Someone better check the IT department at the U.S. Chamber of Commerce because someone just got hold of a “confidential memo” and leaked it to us!
To: Board of Directors, U.S. Chamber of Commerce, Institute for Legal Reform
From: ILR Leadership, Staff
Date: October 11, 2017
Re: Every single time!
Well, the Center for Justice & Democracy is at it again. Another one of their reports is out, reviewing internal small business surveys. Yet again, it confirms that “lawsuits,” or the “cost” of lawsuits, is an issue of less importance to small businesses than almost anything else they could possibly imagine. And this time, CJ&D really decided to stick it to us by including our own small business index — which confirms the exact same thing. What is happening?! (I suppose we should at least thank CJ&D for compiling all these surveys in one place).
Look, we’ve tried everything. Using “real housewives” as bait for our “small business summit,” so at least we could ply as many as possible with disinformation. Using our own fake news outlets to push out our phony surveys, hoping to convince them to care. Aligning with other lobby groups, only to find out their work completely undermines us. We are running out of options!

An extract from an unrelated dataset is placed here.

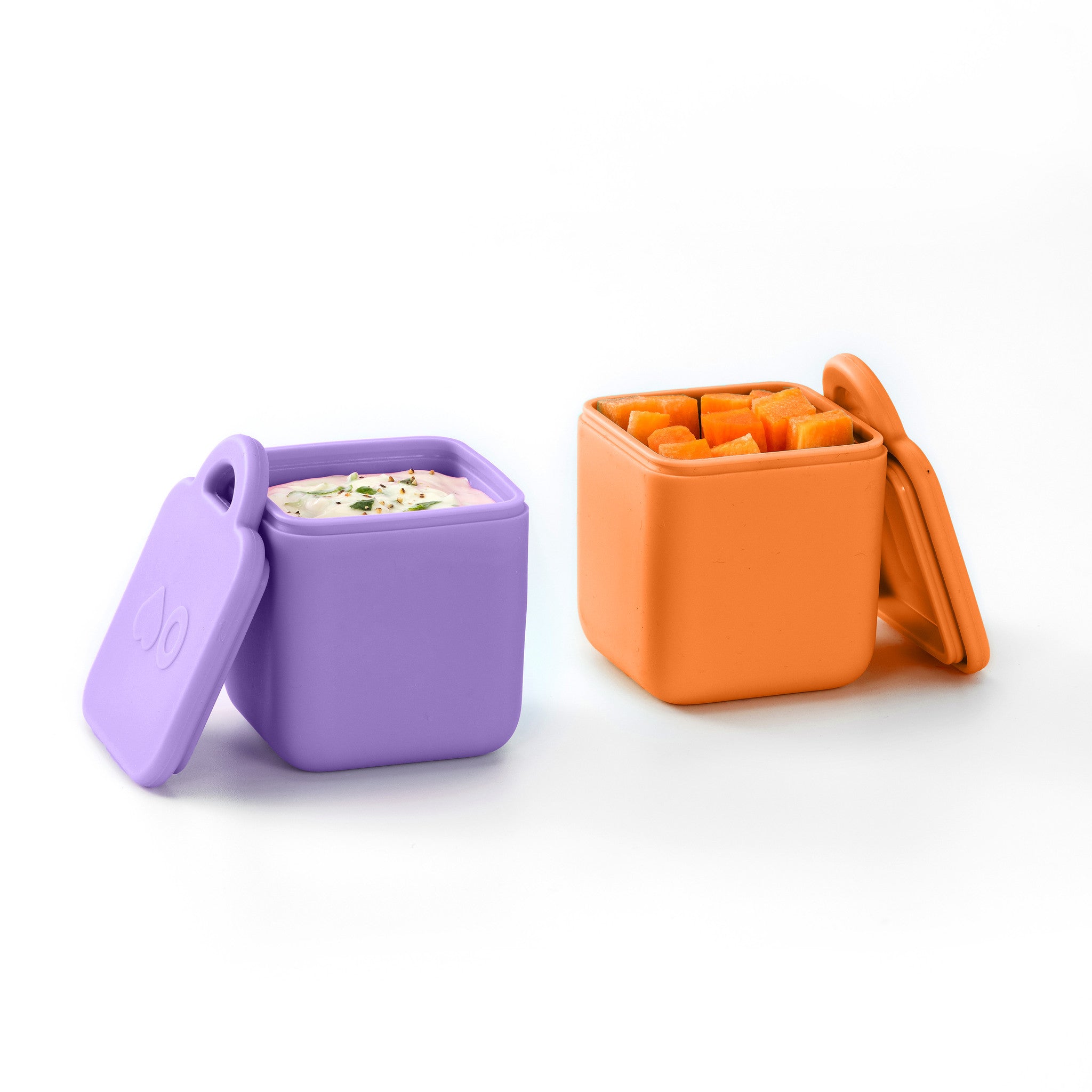 OmieLife Lunch Box Dippity Doo - Image 24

As we all know, it’s been a challenge to coax small businesses into believing we care about them, when multi-million dollar corporate donors dominate our income stream, and we keep doing things directly against their interests. When it comes to issues like “litigation” and “lawsuits,” we seem to be drifting even further apart — no matter how many pop culture icons we pay to impress them.
As you know, in 1998, we were created ILR to pursue the Chamber’s “tort reform” agenda: protecting bad corporations from accountability, weakening the civil jury system and blocking the courthouse door for sick and injured Americans. But let’s face it, we want to block access to court for small businesses, too. They sue big companies a lot. Why would they want their own rights stripped away?
Of course, they don’t. That’s why, when we do surveys supporting “tort reform,” we can't ask small businesses what they think about the idea. We have to go to $100 million companies, and ask their in-house corporate lawyers who, as one expert put it, are “likely the very attorneys who experienced the professional embarrassment of losing at trial, naturally wanting to blame the states’ courts for their loss.” That’s just not honest.
Not sure what to do, but thanks for letting us vent. It’s been a frustrating few months!